Object: It refers to any instance of a class or structure, and when it is used in the general sense includes all types, even scalar variables.

POD type (plain old data): This informal category of data types in C++ refers to types that are scalar (see the Fundamental types section) or are POD classes. A POD class has no static data members that aren’t also PODs, and has no user-defined constructors, user-defined destructors, or user-defined assignment operators. Also, a POD class has no virtual functions, no base class, and no private or protected non-static data members. POD types are often used for external data interchange, for example with a module written in the C language (which has POD types only).

C++ is a strongly typed language and it is also statically-typed.

When you declare a variable in your code, you must either specify its type explicitly, or use the auto keyword to instruct the compiler to deduce the type from the initializer.
When you declare a function in your code, you must specify the type of each argument and its return value, or void if no value is returned by the function. The exception is when you are using function templates, which allow for arguments of arbitrary types.

After you first declare a variable, you cannot change its type at some later point. However, you can copy the variable’s value or a function’s return value into another variable of a different type. Such operations are called type conversions, which are sometimes necessary but are also potential sources of data loss or incorrectness.

When you declare a variable of POD type, we strongly recommend you initialize it. Until you initialize a variable, it has a "garbage" value that consists of whatever bits happened to be in that memory location previously. When declaring a variable of non-POD class type, the constructor handles initialization.

int result = 0;              // Declare and initialize an integer. 
double coefficient = 10.8;   // Declare and initialize a floating  
                             // point value. 
auto name = "Lady G.";       // Declare a variable and let compiler  
                             // deduce the type. 
auto address;                // error. Compiler cannot deduce a type  
                             // without an intializing value. 
age = 12;                    // error. Variable declaration must 
                             // specify a type or use auto! 
result = "Kenny G.";         // error. Can’t assign text to an int. 
string result = "zero";      // error. Can’t redefine a variable with 
                             // new type. 
int maxValue;                // Not recommended! maxValue contains  
                             // garbage bits until it is initialized.

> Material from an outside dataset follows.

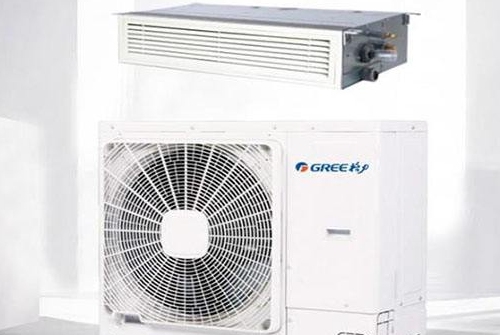 泾川维修空调电话在哪里找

1. Fundamental (Built-in) Types

Type	Size	Comment
int	4 bytes	The default choice for integral values.
double	8 bytes	The default choice for floating point values.
bool	1 byte	Represents values that can be either true or false.
char	1 byte	Use for ASCII characters in older C-style strings or std::string objects that will never have to be converted to UNICODE.
wchar_t	2 bytes	Represents "wide" character values that may be encoded in UNICODE format (UTF-16 on Windows, other operating systems may differ). This is the character type that is used in strings of type std::wstring.
unsigned char	1 byte	C++ has no built-in byte type. Use unsigned char to represent a byte value.
unsigned int	4 bytes	Default choice for bit flags.
long long	8 bytes	Represents very large integer values.

2. The Void Type

The void type is a special type; you cannot declare a variable of type void, but you can declare a variable of type void * (pointer to void), which is sometimes necessary when allocating raw (un-typed) memory. However, pointers to void are not type-safe and generally their use is strongly discouraged in modern C++. In a function declaration, a void return value means that the function does not return a value; this is a common and acceptable use of void. While the C language required functions that have zero parameters to declare void in the parameter list, for example, fou(void), this practice is discouraged in modern C++ and should be declared fou().

3. Const Type Qualifier

Any built-in or user-defined type may be qualified by the const keyword. Additionally, member functions may be const-qualified and even const-overloaded. The value of a const type cannot be modified after it is initialized.

4. String Types

Strictly speaking, the C++ language has no built-in “string” type; char and wchar_t store single characters – you must declare an array of these types to approximate a string, adding a terminating null value (for example, ASCII ‘\0’) to the array element one past the last valid character (also called a “C-style string”). C-style strings required much more code to be written or the use of external string utility library functions. But in modern C++, we have the Standard Library types std::string (for 8-bit char-type character strings) or std::wstring (for 16-bit wchar_t-type character strings). These STL containers can be thought of as native string types because they are part of the standard libraries that are included in any compliant C++ build environment. Simply use the #include <string> directive to make these types available in your program. (If you are using MFC or ATL, the CString class is also available, but is not part of the C++ standard.) The use of null-terminated character arrays (the C-style strings previously mentioned) is strongly discouraged in modern C++.

5. User-defined Types

When you define a class, struct, union, or enum, that construct is used in the rest of your code as if it were a fundamental type. It has a known size in memory, and certain rules about how it can be used apply to it for compile-time checking and, at runtime, for the life of your program. The primary differences between the fundamental built-in types and user-defined types are as follows:

The compiler has no built-in knowledge of a user-defined type. It “learns” of the type when it first encounters the definition during the compilation process.
You specify what operations can be performed on your type, and how it can be converted to other types, by defining (through overloading) the appropriate operators, either as class members or non-member functions.
They do not have to be statically typed (the rule that an object's type never changes). Through the mechanisms of inheritance and polymorphism, a variable declared as a user-defined type of class (referred to as an object instance of a class) might have a different type at run-time than at compile time.

6. Pointer Types

Dating back to the earliest versions of the C language, C++ continues to let you declare a variable of a pointer type by using the special declarator * (asterisk). A pointer type stores the address of the location in memory where the actual data value is stored. In modern C++, these are referred to as raw pointers, and are accessed in your code through special operators * (asterisk) or -> (dash with greater-than). This is called dereferencing, and which one that you use depends on whether you are dereferencing a pointer to a scalar or a pointer to a member in an object.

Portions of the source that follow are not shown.